[Caption-style text data]
# # # # #
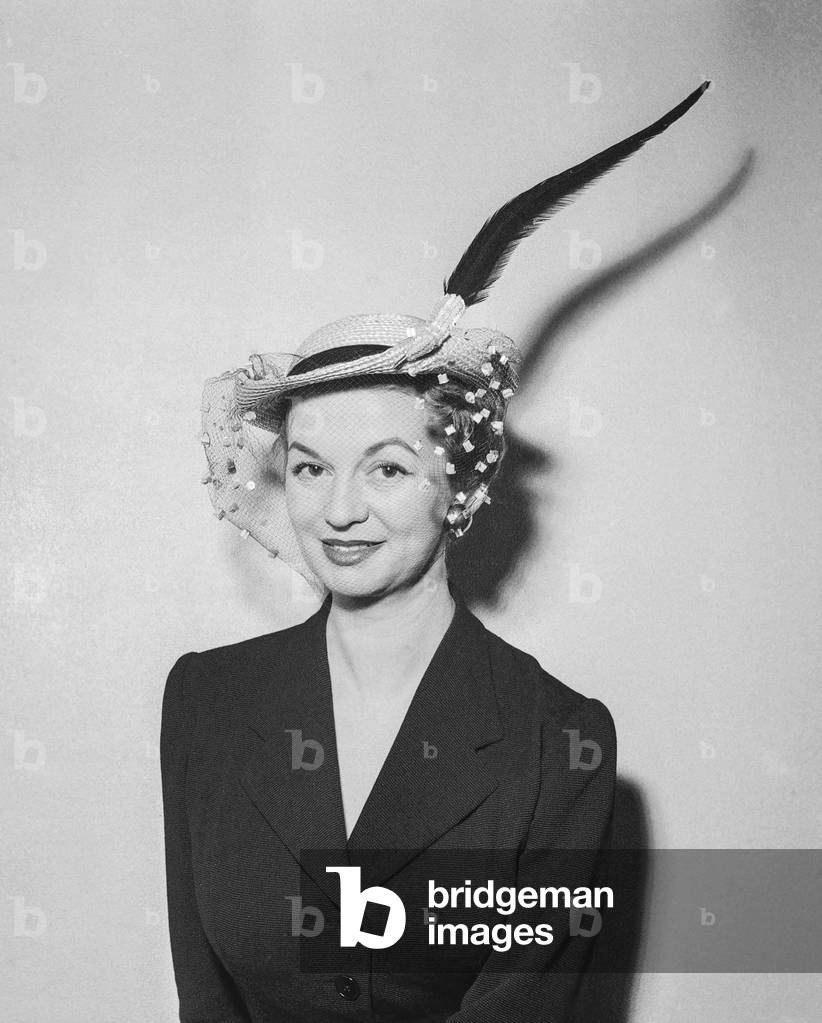 Hat by Rose Valois, Paris, January 17, 1952 : model 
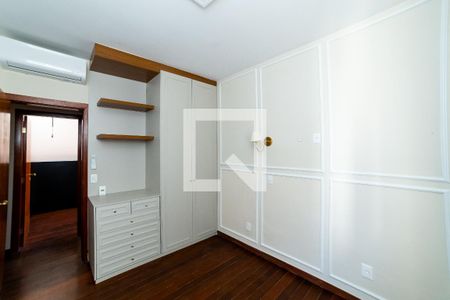 Quarto 1 de apartamento para alugar com 3 quartos, 105m² em Lourdes, Belo Horizonte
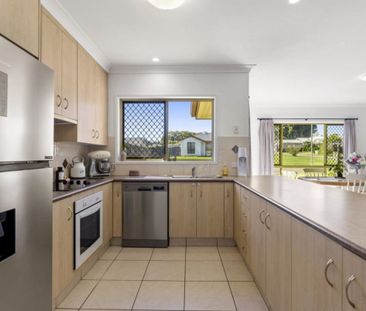 37 Hinchliffe Drive, Kearneys Spring - Photo 1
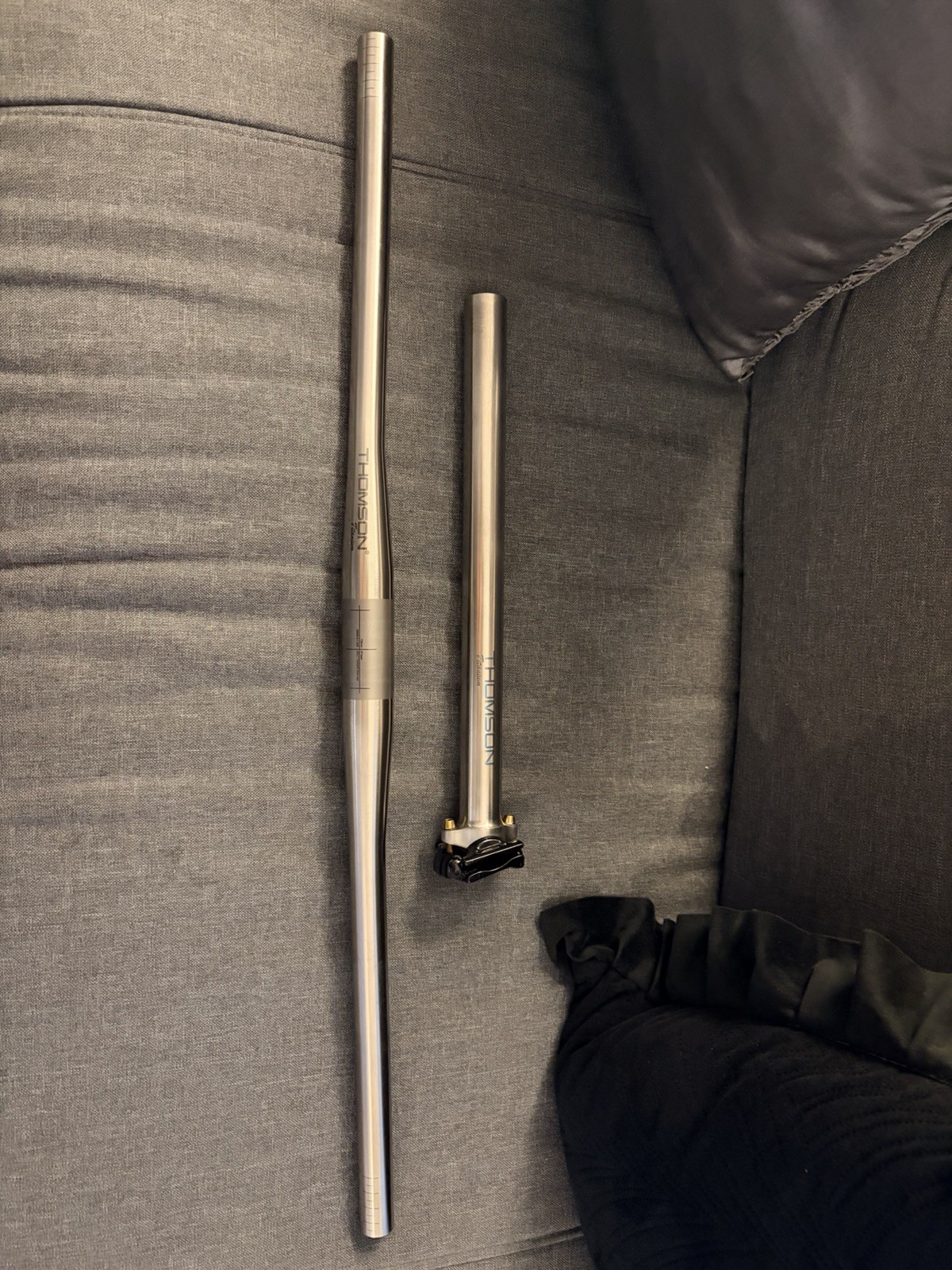 Thomson Ti Handlebar, 6° Backsweep Flat 31.8mm 730mm. Thomson Ti Seatpost 27.2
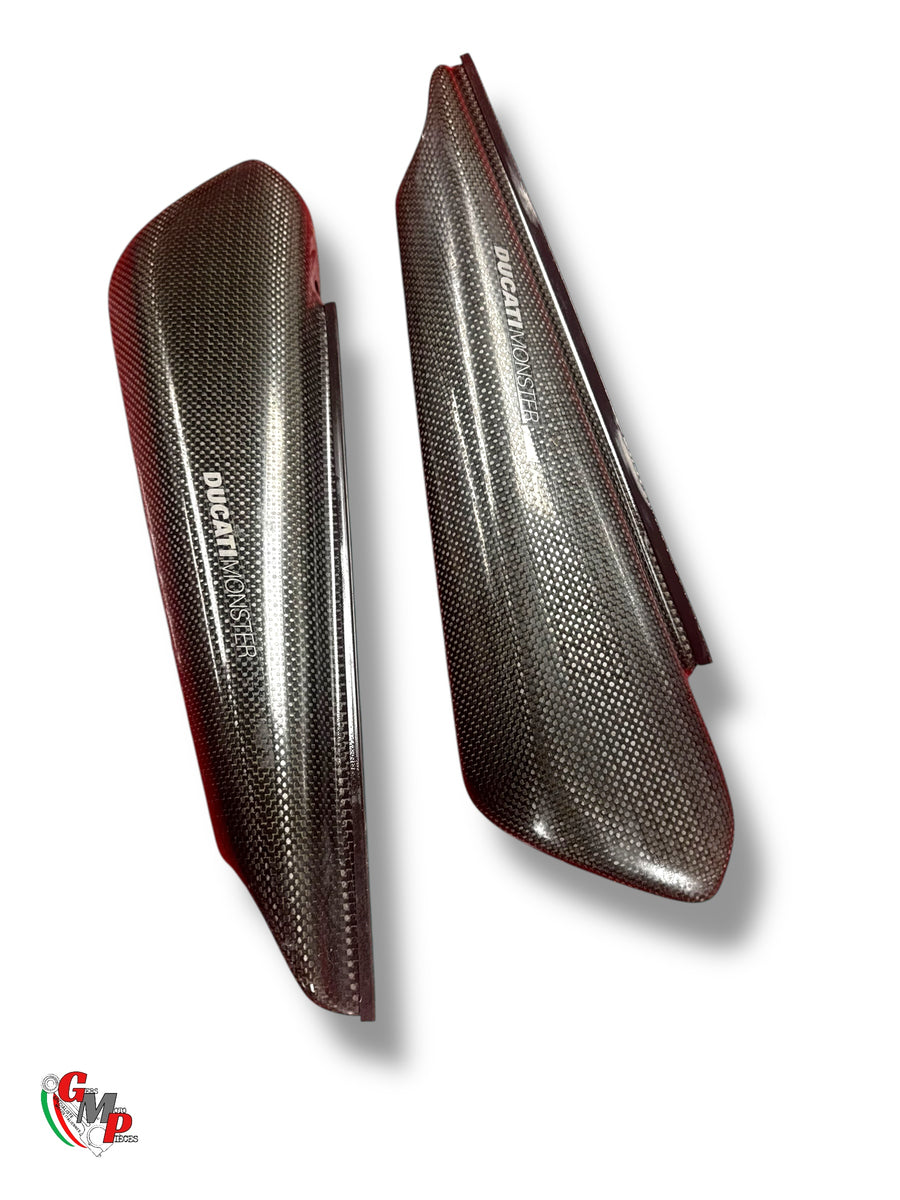 Cache sous selle carbone - Ducati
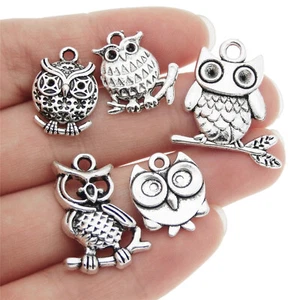 Lote de 10 Colgantes Mezclados Vintage Metal Plateado Lindo Look Búho Dije Hágalo usted mismo Joyería - Imagen 1 de 5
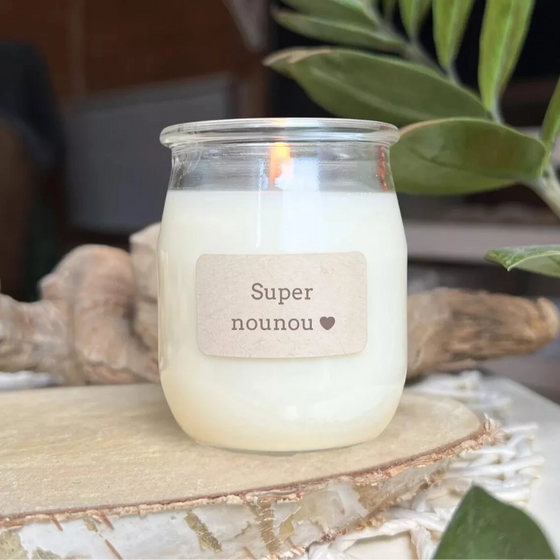 Bougie artisanale avec étiquette "Super nounou", couvercle tissu crème et ruban bordeaux – cadeau personnalisé pour assistante maternelle
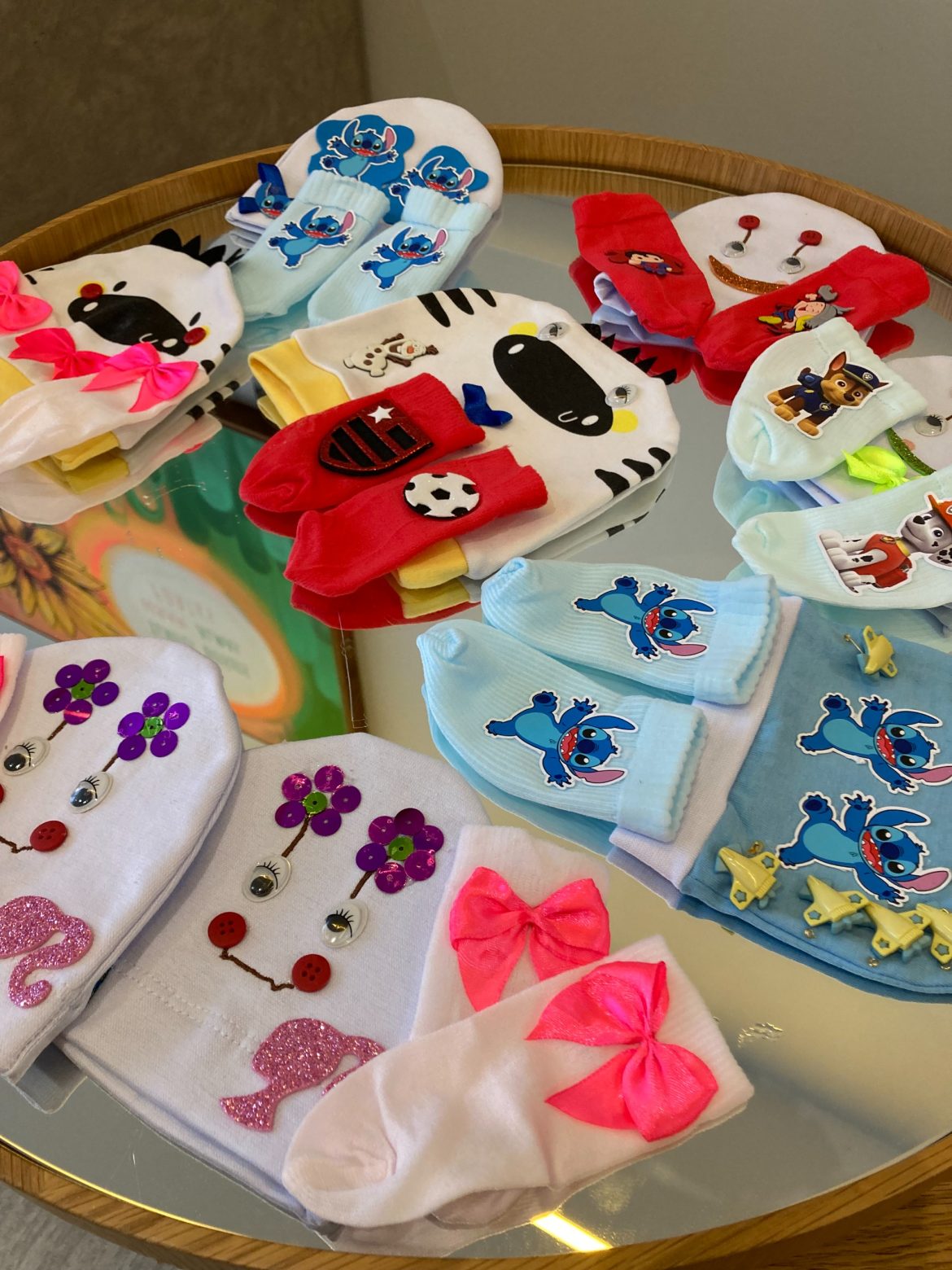 dia da touca e meia maluca leva acolhimento à rotina da uti do hospital unimed volta redonda divulgação1 dia da touca e meia maluca leva acolhimento à rotina da uti do hospital unimed volta redonda divulgação1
# # # # #
→ **Work instruction**
Retype exactly, please, the span from the line holding "Lote de 10 Colgantes" through the closing line of the data, both ends included, without the pictures.

→ **Result for this task**
 Lote de 10 Colgantes Mezclados Vintage Metal Plateado Lindo Look Búho Dije Hágalo usted mismo Joyería - Imagen 1 de 5
 Bougie artisanale avec étiquette "Super nounou", couvercle tissu crème et ruban bordeaux – cadeau personnalisé pour assistante maternelle
 dia da touca e meia maluca leva acolhimento à rotina da uti do hospital unimed volta redonda divulgação1 dia da touca e meia maluca leva acolhimento à rotina da uti do hospital unimed volta redonda divulgação1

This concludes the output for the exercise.